Citons Descartes : « Je pense donc je suis ».

Citons maintenant la personne qui nous habite à longueur de journée (et de vie). Elle peut légitimement énoncer : « Je pense, j’éprouve des sentiments et des intuitions me viennent, je suis habité de désirs méconnus, donc je suis ».

Je ne fais aucun effort pour cela, alors que l’exercice du seul penser peut me fatiguer car je fais un effort conscient pour diriger ma pensée et la concentrer sur un objet. Et ce faisant je fais taire tout ce qui vient du « bas », affects et pulsions. Ressentir, c’est spontané, quelque chose agit à l’intérieur de moi pour que j’éprouve émotions et sentiments. « Ça » me fatigue différemment, et si « ça » dépasse un certain seuil on dit que « ça » m’empêche de penser. J’éprouve du stress, de la satisfaction, de la curiosité, de l’énervement, de l’anxiété, de la passion, de la détente, une motivation particulière, une appréhension diffuse, de la rancune, de la jubilation, de la culpabilité, de l’impatience et une infinité d’autres choses, sans que je le commande, car « ça » foisonne....

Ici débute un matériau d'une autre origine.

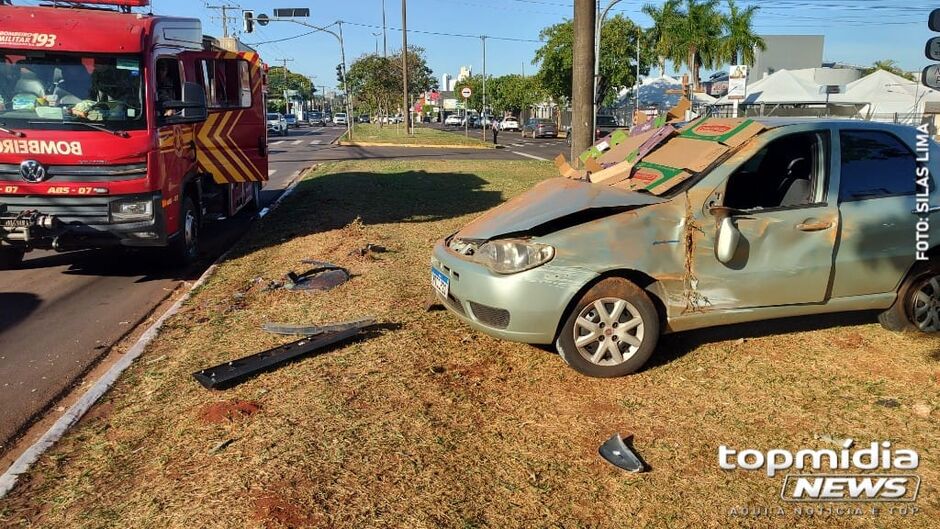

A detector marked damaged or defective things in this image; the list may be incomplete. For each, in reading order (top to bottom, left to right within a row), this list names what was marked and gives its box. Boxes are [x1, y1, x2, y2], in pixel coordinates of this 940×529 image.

detached bumper [0, 193, 167, 251]
damaged silver car [434, 118, 940, 378]
detached bumper [428, 238, 592, 342]
broken car part [193, 320, 372, 390]
broken car part [260, 316, 378, 336]
broken car part [604, 432, 648, 472]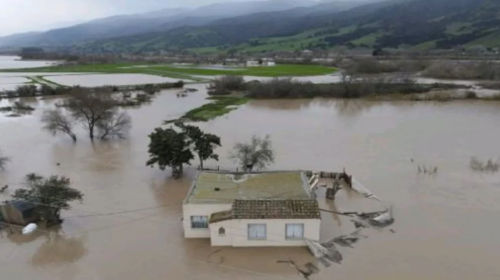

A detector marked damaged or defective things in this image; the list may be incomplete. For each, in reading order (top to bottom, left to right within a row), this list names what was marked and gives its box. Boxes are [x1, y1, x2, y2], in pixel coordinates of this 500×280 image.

damaged roof [186, 171, 312, 203]
damaged roof [210, 199, 320, 223]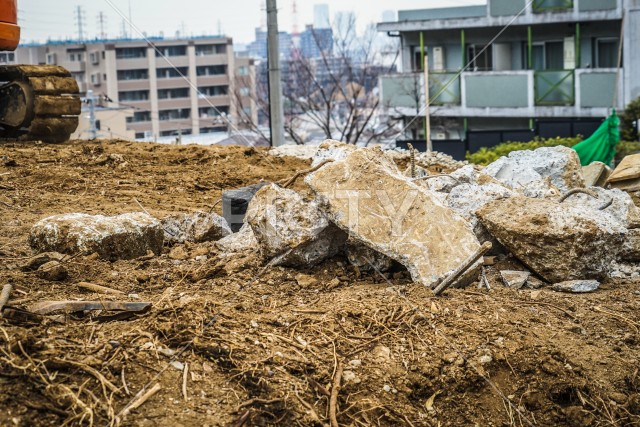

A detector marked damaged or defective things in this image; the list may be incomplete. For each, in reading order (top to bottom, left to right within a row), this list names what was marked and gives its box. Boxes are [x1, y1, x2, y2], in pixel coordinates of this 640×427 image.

broken concrete block [310, 140, 356, 168]
broken concrete block [484, 146, 584, 195]
broken concrete block [584, 162, 612, 187]
broken concrete block [608, 153, 640, 191]
broken concrete block [31, 213, 164, 260]
broken concrete block [161, 212, 231, 246]
broken concrete block [222, 182, 270, 232]
broken concrete block [245, 184, 344, 268]
broken concrete block [348, 242, 392, 272]
broken concrete block [304, 146, 480, 288]
broken concrete block [500, 270, 528, 290]
broken concrete block [480, 197, 624, 284]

.... Encore que j’aie mon « menu personnel d’états internes ». Il liste les états intérieurs qui reviennent, chez moi, avec le plus de fréquence et qui me caractérisent, parfois plus aux yeux des autres qu’aux miens...

J’ai appris à contrôler, à repousser ou à nier ces choses. J’ai appris à les remplacer inconsciemment par d’autres, plus acceptables. Aussi est-il nécessaire pour ces états internes de dépasser un seuil d’intensité pour qu’ils franchissent la censure que je leur impose et que j’en en prenne conscience. A moins qu’alors ils ne m’aveuglent et ne dirigent, faisant fi de toute raison, mes comportements.

Faut-il redonner une place à vos émotions et intuitions, aussi fugaces soient-elles ? Faut-il les reconnaître pour percevoir les messages qu’elles vous communiquent dans telle et telle situation ? Faut-il identifier quels « idéaux », activés chez vous, déclenchent ces émotions et vous sensibiliser à l’utilité d’une communication avec soi, aussi importante que celle avec les autres ?

Il est des situations auxquelles la raison seule ne permet pas d’apporter des réponses. Elles nécessitent d’accéder à d’autres canaux qu’à ceux de notre logique rationnelle habituelle d’êtres ayant les pieds sur terre. Elles nécessitent de réhabiliter cette « intelligence émotionnelle » que la littérature du développement personnel a mis à la mode. Sans tomber dans le piège de ce développement de soi dont le seul but est d’ouvrir les vannes de l’expression émotionnelle. Il s’agit donc d’établir une communication entre « intelligence raisonnante » et « intelligence émotionnelle », la première visant à mettre des mots pour comprendre ce qui paraît indicible, la seconde à stimuler les potentialités de la première.

« Fariboles... » penseront certains, « Inquiétant...», se diront d’autres, « Voici l’occasion de faire quelques pas dans mon jardin secret dont j’avais perdu la clé... » penseront encore d’autres. « Quelle autorité ou quelle compétence un Autre, fut-il conseil, a-t-il pour m’accompagner sur ce terrain ?... » se demanderont encore certains....

Chacun se trouvera renvoyé à ces jugements ou interrogations, ainsi qu’à ses propres résistances, pour prendre la décision de s’engager ou dans ce travail ou d’en faire l’économie.